Segment Start: INPUT MATERIAL
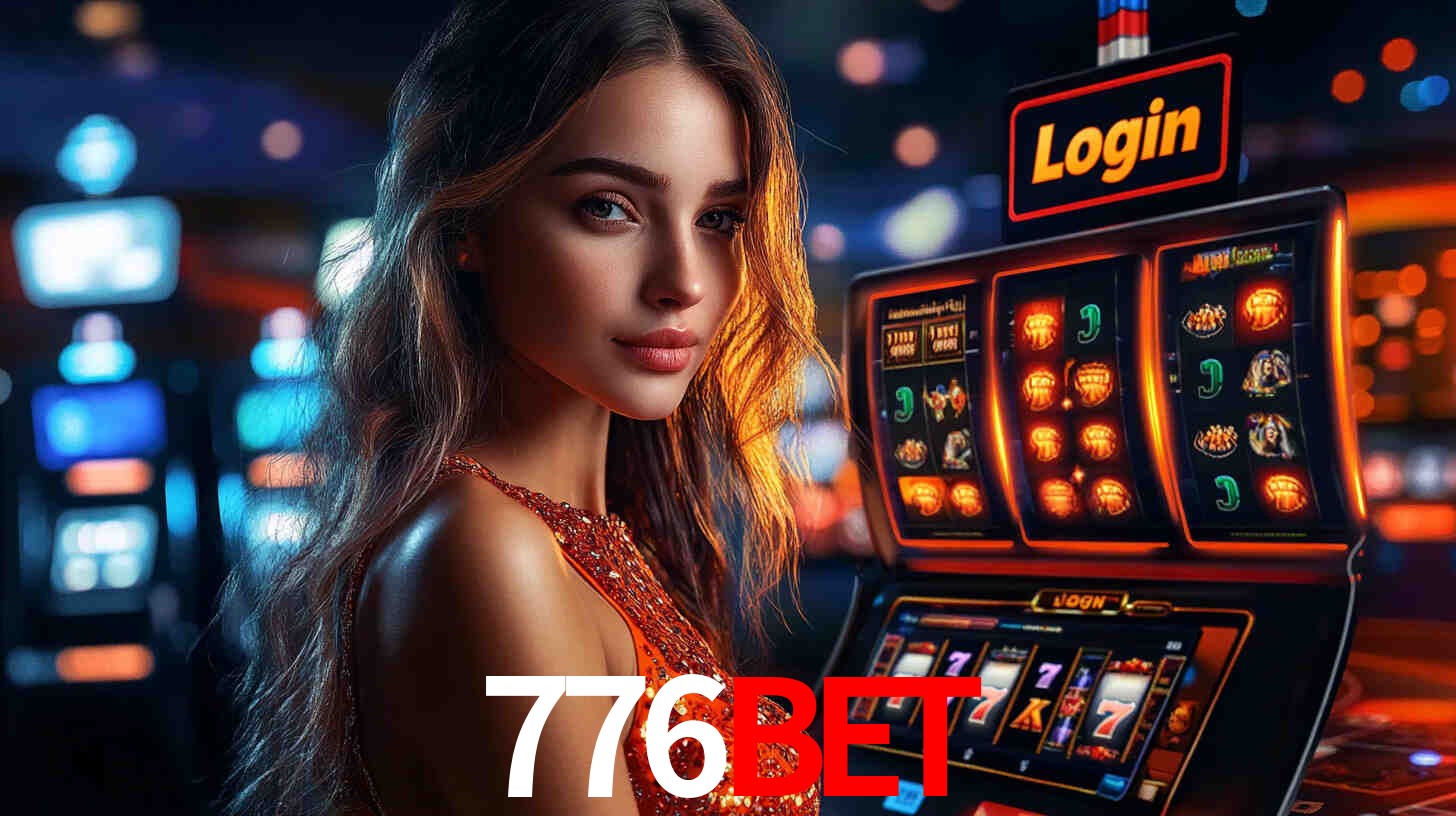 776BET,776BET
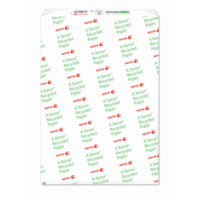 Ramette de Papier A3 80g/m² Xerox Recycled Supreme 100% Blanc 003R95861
Segment End: INPUT MATERIAL
Segment Start: INPUT MATERIAL
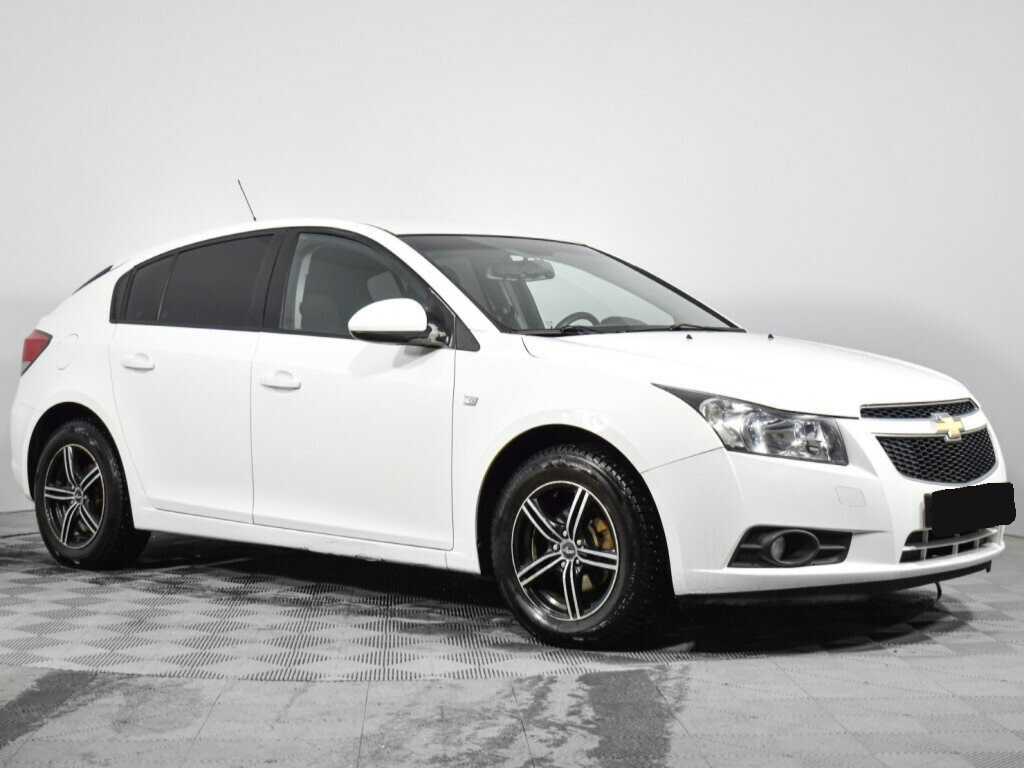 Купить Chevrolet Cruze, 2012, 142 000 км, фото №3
Segment End: INPUT MATERIAL
> _WHAT YOU SHOULD DO_
Starting at the line with "776BET,776BET" in the entries above, write out every line exactly until the line with "Ramette de Papier" has been written. Include no pictures and nothing more.

> _TASK ANSWER_
 776BET,776BET
 Ramette de Papier A3 80g/m² Xerox Recycled Supreme 100% Blanc 003R95861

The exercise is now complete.